• _Exercise description_
Please write out every entry below exactly, leaving out any pictures.

• _Data under study_

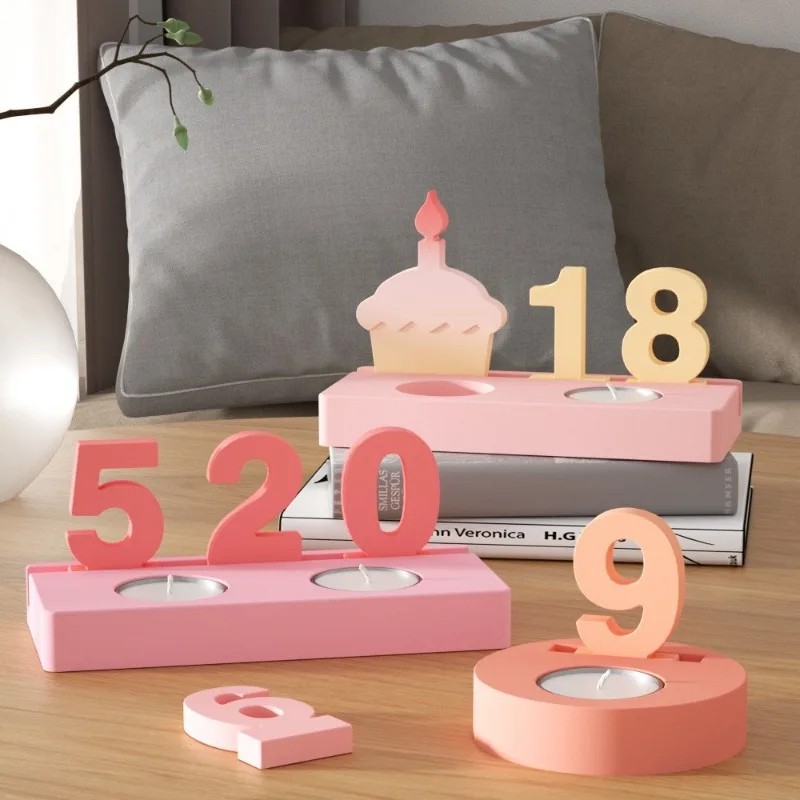 Art And Craft Numbers - 2 Buah Cetakan Silikon Kue Ulang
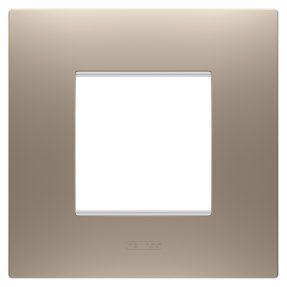 mezinárodní rámeček ego – z technopolymeru opatřeného nátěrem – 2 moduly – světlý bronz – chorusmart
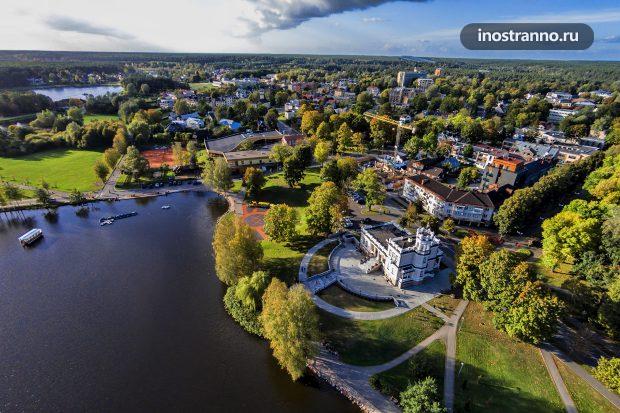 Курортный город в Друскининкай, Литва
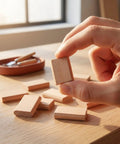 Loose Tenons For Cabinet Building Supplies 100 Pieces Wood Joinery Inserts That Act As A Quick Biscuit Alternative For Cabinet Frames DIY Woodworking Parts To Create Strong Neat Joints 1.1 By 0.8 By 0.2 Inches, wood tenon held by hand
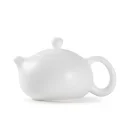 白瓷茶壶中国白羊脂玉瓷素烧带茶滤西施壶茶具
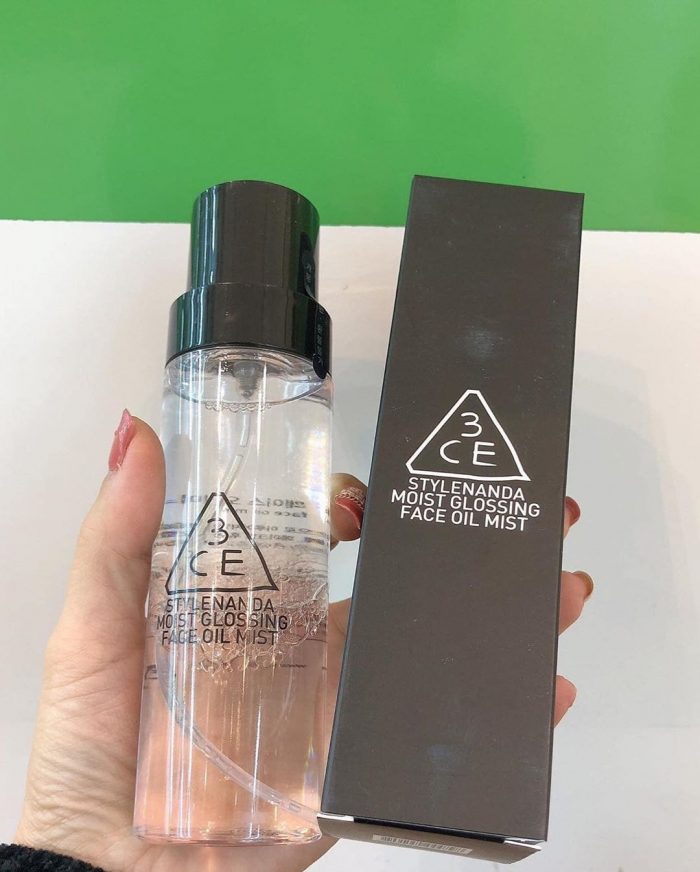 xit khoang kiem dau 3ce stylenanda moist glossing face oil mist 3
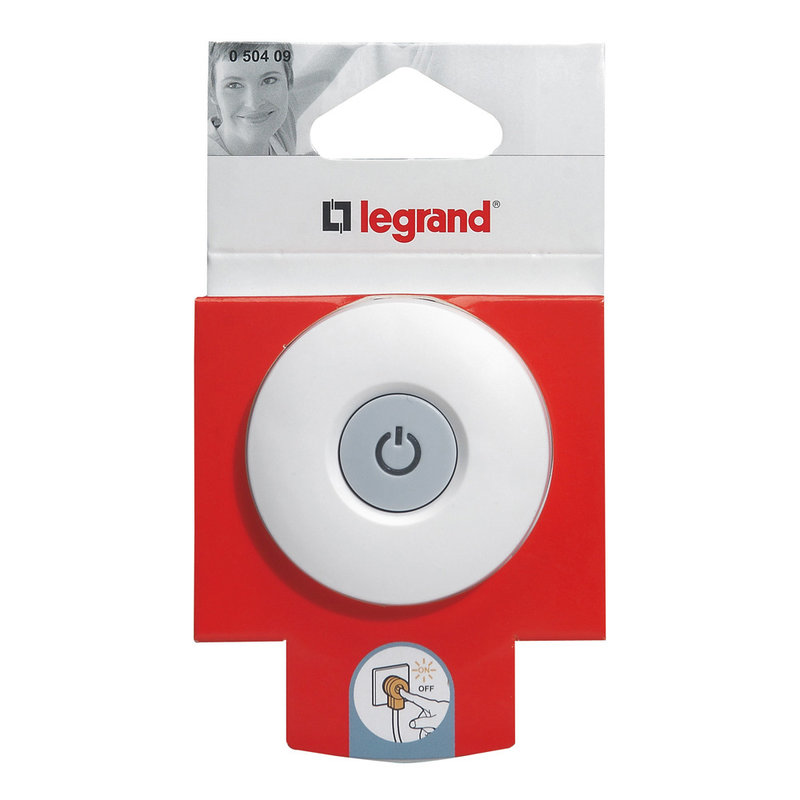 [LEG-050409] Fiche Double Fonction 2P+T 16A 250V Avec Interrupteur 16A legrand 050409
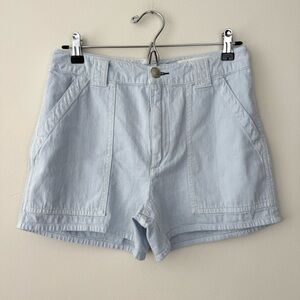 Rag & Bone Blue Venice Bayside Cotton High Rise Denim Shorts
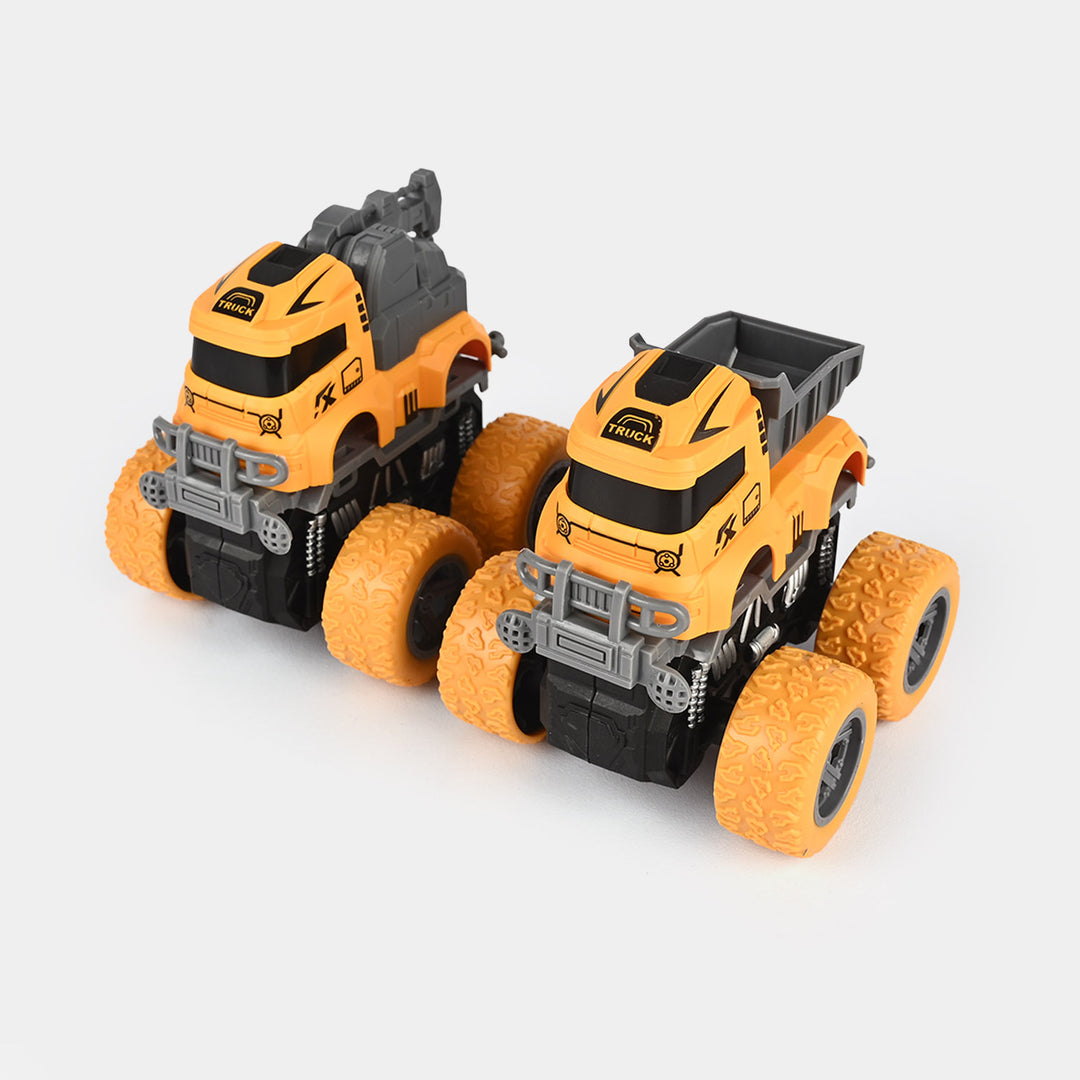 Friction Powered Mini Vehicles/Cars (4Pcs)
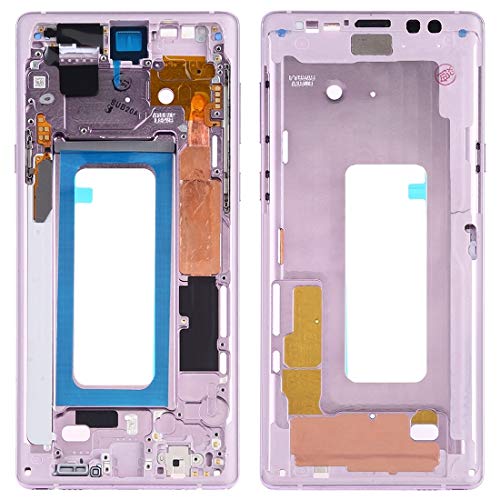 Cadre central de précision pour Samsung Note9 finition violette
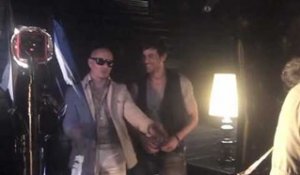 Enrique and Pitbull behind the scenes @ the "I Like It" video shoot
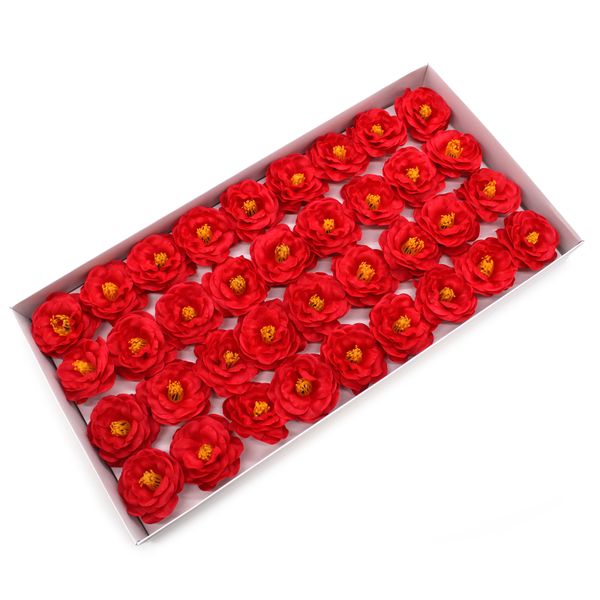 Ambachtelijke Zeepbloem- Camelia - Rood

• _Task solution_
 Art And Craft Numbers - 2 Buah Cetakan Silikon Kue Ulang
 mezinárodní rámeček ego – z technopolymeru opatřeného nátěrem – 2 moduly – světlý bronz – chorusmart
 Курортный город в Друскининкай, Литва
 Loose Tenons For Cabinet Building Supplies 100 Pieces Wood Joinery Inserts That Act As A Quick Biscuit Alternative For Cabinet Frames DIY Woodworking Parts To Create Strong Neat Joints 1.1 By 0.8 By 0.2 Inches, wood tenon held by hand
 白瓷茶壶中国白羊脂玉瓷素烧带茶滤西施壶茶具
 xit khoang kiem dau 3ce stylenanda moist glossing face oil mist 3
 [LEG-050409] Fiche Double Fonction 2P+T 16A 250V Avec Interrupteur 16A legrand 050409
 Rag & Bone Blue Venice Bayside Cotton High Rise Denim Shorts
 Friction Powered Mini Vehicles/Cars (4Pcs)
 Cadre central de précision pour Samsung Note9 finition violette
 Enrique and Pitbull behind the scenes @ the "I Like It" video shoot
 Ambachtelijke Zeepbloem- Camelia - Rood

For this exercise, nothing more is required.